Looking Forward to 2019 in Graph Technologies
I started out 2018 with a new focus in graph technologies. This year I will continue to look at graph technologies and how they are disrupting the status quo. This report is an analysis of some of the key graph database trends in 2018 and my predictions for 2019.
I should also put in a quick disclaimer. My employer (Optum Technologies) has a policy of not endorsing any vendors. This blog is only my personal observation of trends in the graph industry and is not an endorsement of any organization or product.
2018 — The year of the LPG knowledge graph
Last year we saw a dramatic uptake in the area of knowledge representation in the form of a labeled property graph (LPG). Organizations like Neo4j and TigerGraph grew their marketshare in this area and added a large number of new capabilities. New venture funding flowed into firms that are either on LPGs or quickly migrating to support LPGs. TigerGraph is noted for their native distributed graphs and Neo4j is noted for their innovation with products like Bloom.
TigerGraph has gained widespread attention for their combination of scalability and security.

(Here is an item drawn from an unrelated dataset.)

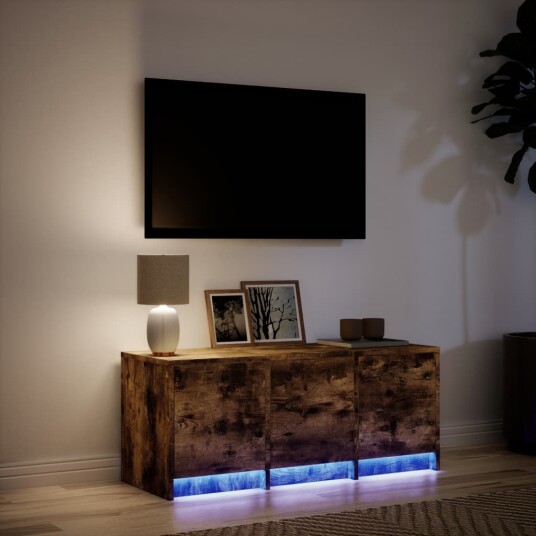 TV-benk med LED røkt eik 97x34x40 cm konstruert tre 852240 TV-benk med LED røkt eik 97x34x40 cm konstruert tre 852240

In September TigerGraph won the Most Disruptive Startup Award at the Strata conference. The key fact here is that distributed graph processing is hard. How a vendor partitions a large highly interconnected graph database and how they keep queries performant while maintaining ACID compliance over a distributed cluster is a wicked hard problem. TigerGraph has also introduced innovations such as accumulators in their GSQL language that have attracted the interest of developers.

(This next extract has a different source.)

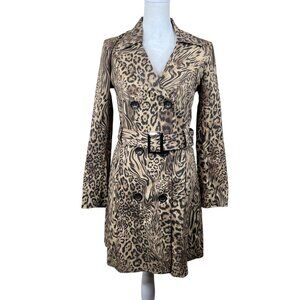 Leopard Print Double-Breasted‎ Womens Trench Coat Buckle Belt S Y2K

Neo4j’s Bloom product, although expensive on a per-user basis, is of interest because it is starting to blur the lines between graph visualization and natural language query processing. Many Bloom queries minimize the need for knowing Cypher and focus on allowing non-technical people to do complex analysis of graph databases. Noe4j’s Bloom product and vendors like Cambridge Intelligence (KeyLines) and companies like Linkurious will continue to make graphs easier to query for the non-programmer.
Neo4j continues to break new ground with making it easier for new developers to pickup graph technologies. In 2018 they made significant enhancements to their Neo4j Desktop as well as providing extensive documentation on their graph algorithms. My congratulations to both both Mark Needham and Amy Hodler in writing their book A Comprehensive Guide to Graph Algorithms in Neo4j. We need more high-quality writing like this.
The Open Algorithms Movement
It is interesting to note that despite organizations patenting many graph algorithms, there seems a growing trend to make these algorithms public. Google and Facebook are leading this effort with their promise to their internal researchers that they can publish their work on various AI, ML, deep learning and graph algorithms. I think this is something they are forced to do to hire and retain top shelf AI and knowledge representation talent in their research and development divisions.
One prediction for graph product managers is that in the future, unless your graph database can run thousands of standard graph algorithms you will be at a disadvantage. This leads to the question of will there be a standard for LPGs so that innovative graph algorithms can have a wider impact. That question, along with the question of should paths be treated as first-class citizens, will be addressed at the W3C Workshop on Web Standardization for Graph Data on March 4th-6th in Berlin Germany. If you read between the lines, you see the W3C is clearly aware that LPGs have a large majority of the market and that SPARQL based standards may no-longer be relevant. Let’s all wish the W3C “good luck” so that we can continue to have shared standardized repositories of knowledge and standard algorithms to traverse these repositories. Note that I am not saying that RDF is not important here. On-the wire semantic standards and things like namespaces and URIs are going to increase in importance as we get more data. It is the query language that encodes the algorithms that has innovated faster than the standards bodies could keep up.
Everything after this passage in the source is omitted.